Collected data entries
═══
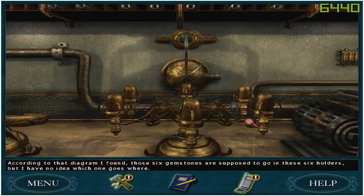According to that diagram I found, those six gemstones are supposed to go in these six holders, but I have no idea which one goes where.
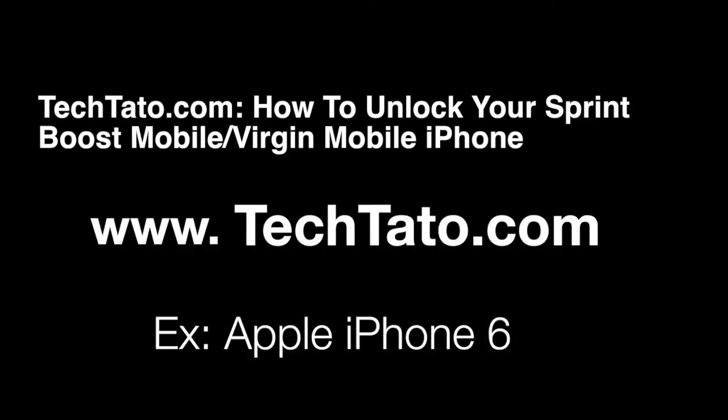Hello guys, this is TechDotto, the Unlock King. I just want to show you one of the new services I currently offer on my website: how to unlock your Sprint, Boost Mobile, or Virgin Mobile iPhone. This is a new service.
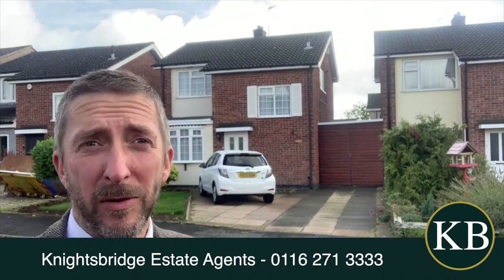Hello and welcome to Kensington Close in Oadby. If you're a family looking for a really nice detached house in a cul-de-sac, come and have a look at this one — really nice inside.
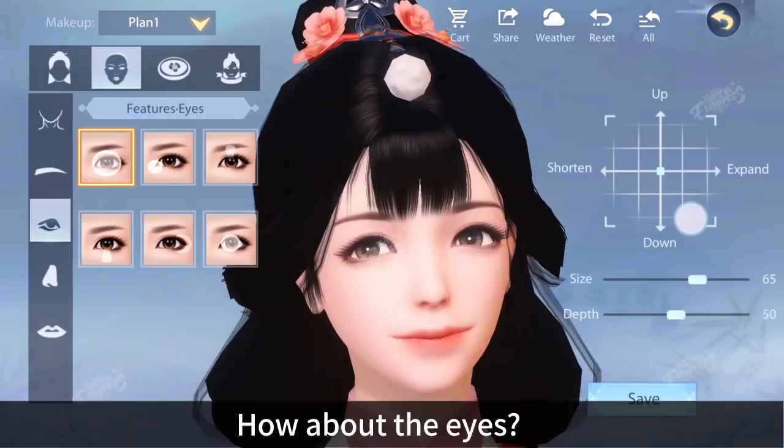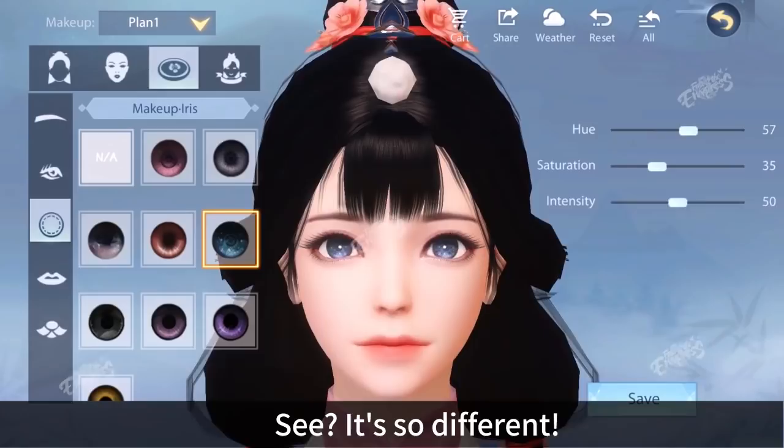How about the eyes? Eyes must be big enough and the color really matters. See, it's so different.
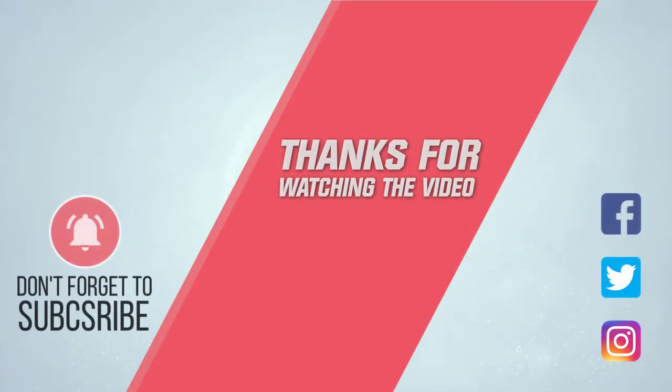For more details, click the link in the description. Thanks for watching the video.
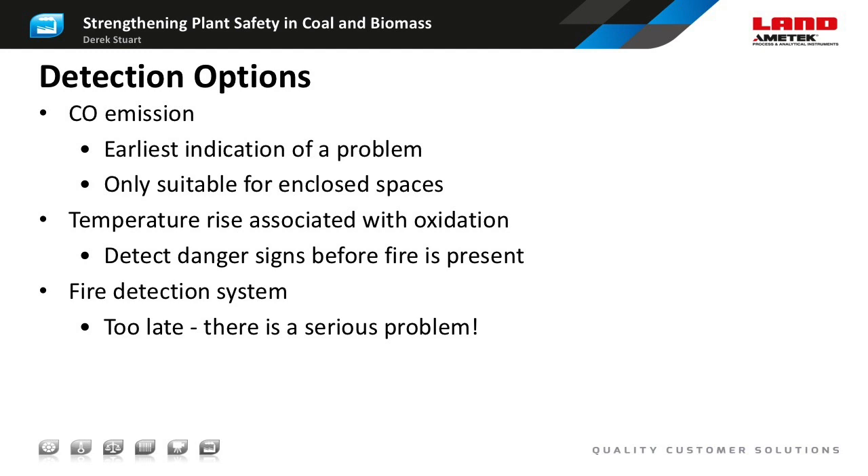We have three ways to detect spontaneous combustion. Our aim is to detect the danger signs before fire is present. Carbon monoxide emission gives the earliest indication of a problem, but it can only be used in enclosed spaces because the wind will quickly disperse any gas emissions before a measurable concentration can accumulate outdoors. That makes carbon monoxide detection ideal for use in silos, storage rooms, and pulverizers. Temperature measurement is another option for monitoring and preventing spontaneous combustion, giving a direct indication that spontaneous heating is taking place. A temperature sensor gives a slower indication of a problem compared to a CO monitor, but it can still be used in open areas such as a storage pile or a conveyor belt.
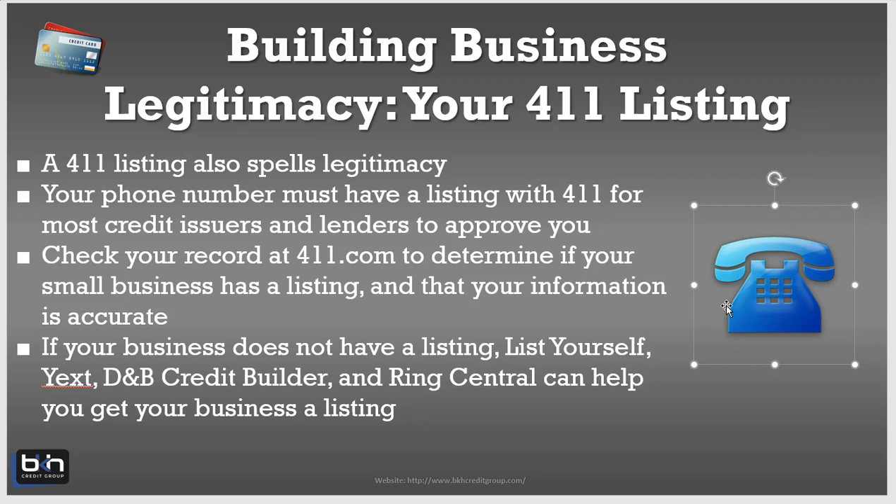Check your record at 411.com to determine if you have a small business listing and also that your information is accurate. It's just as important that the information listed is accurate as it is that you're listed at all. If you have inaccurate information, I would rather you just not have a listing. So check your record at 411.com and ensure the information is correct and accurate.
═══
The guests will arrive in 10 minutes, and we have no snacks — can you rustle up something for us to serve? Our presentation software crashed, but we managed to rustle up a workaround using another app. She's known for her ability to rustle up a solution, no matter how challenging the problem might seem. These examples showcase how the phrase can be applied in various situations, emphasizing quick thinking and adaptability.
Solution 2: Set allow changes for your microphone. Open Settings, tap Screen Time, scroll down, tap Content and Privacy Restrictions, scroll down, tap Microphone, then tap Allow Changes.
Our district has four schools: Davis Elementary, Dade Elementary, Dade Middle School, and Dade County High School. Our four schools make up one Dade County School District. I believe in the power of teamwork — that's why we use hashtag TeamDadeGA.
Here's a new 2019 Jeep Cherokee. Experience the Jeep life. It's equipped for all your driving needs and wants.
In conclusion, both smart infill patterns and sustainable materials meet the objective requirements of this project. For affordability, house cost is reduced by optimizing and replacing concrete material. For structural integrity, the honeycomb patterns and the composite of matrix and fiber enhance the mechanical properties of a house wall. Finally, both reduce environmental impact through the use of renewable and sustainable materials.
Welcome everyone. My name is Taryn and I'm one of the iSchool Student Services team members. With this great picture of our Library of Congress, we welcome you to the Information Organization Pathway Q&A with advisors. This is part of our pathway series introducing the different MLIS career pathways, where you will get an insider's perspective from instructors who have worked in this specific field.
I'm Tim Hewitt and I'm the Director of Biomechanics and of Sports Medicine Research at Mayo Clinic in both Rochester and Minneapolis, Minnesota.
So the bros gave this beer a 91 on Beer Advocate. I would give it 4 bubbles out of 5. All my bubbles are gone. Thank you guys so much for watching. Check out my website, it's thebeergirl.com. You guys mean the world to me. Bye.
═══
Task to complete:
Although the records above contain pictures, the copy should not; retype exactly the lines from the one containing "Hello and welcome" through the one containing "How about the".

Task solution:
Hello and welcome to Kensington Close in Oadby. If you're a family looking for a really nice detached house in a cul-de-sac, come and have a look at this one — really nice inside.
How about the eyes? Eyes must be big enough and the color really matters. See, it's so different.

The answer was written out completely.